Short descriptive text snippets:
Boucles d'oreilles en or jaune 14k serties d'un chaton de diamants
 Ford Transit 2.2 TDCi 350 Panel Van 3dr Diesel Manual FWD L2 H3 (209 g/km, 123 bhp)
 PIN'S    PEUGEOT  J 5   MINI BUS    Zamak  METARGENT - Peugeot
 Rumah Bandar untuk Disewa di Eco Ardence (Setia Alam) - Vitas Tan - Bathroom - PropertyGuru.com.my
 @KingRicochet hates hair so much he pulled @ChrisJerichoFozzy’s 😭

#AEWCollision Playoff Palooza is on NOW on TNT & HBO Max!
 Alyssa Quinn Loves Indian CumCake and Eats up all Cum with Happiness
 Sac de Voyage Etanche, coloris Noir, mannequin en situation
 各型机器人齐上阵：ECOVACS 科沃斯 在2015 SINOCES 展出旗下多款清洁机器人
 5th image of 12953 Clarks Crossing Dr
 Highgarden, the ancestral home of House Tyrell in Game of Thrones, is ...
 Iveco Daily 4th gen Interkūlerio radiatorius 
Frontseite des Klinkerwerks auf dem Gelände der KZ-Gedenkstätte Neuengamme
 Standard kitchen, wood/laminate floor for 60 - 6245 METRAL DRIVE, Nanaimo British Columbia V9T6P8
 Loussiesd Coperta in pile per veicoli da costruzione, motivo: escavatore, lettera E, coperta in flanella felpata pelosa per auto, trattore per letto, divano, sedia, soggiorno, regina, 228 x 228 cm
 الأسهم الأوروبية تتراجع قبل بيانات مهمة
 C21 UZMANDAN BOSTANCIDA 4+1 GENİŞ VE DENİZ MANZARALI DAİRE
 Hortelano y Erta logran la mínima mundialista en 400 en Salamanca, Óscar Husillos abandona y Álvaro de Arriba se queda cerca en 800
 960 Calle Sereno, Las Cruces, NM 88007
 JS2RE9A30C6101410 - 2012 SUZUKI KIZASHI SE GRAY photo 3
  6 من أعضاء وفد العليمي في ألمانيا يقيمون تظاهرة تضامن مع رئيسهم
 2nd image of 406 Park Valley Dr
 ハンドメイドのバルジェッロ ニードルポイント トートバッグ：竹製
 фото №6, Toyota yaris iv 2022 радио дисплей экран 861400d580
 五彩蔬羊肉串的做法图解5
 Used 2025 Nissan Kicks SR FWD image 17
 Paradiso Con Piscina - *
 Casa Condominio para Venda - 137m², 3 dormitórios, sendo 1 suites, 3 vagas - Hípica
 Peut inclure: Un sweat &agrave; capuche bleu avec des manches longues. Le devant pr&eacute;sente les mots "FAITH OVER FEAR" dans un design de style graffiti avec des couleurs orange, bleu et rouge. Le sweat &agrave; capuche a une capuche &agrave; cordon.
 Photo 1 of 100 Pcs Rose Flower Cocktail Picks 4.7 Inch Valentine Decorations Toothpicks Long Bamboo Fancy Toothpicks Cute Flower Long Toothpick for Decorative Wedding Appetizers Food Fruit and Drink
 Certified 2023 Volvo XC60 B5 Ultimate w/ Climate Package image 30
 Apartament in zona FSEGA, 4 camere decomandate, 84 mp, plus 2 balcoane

EXERCISE REQUIREMENTS => In these records, tally the lines that contain the string "image", and give only the result.

EXERCISE SOLUTION => 4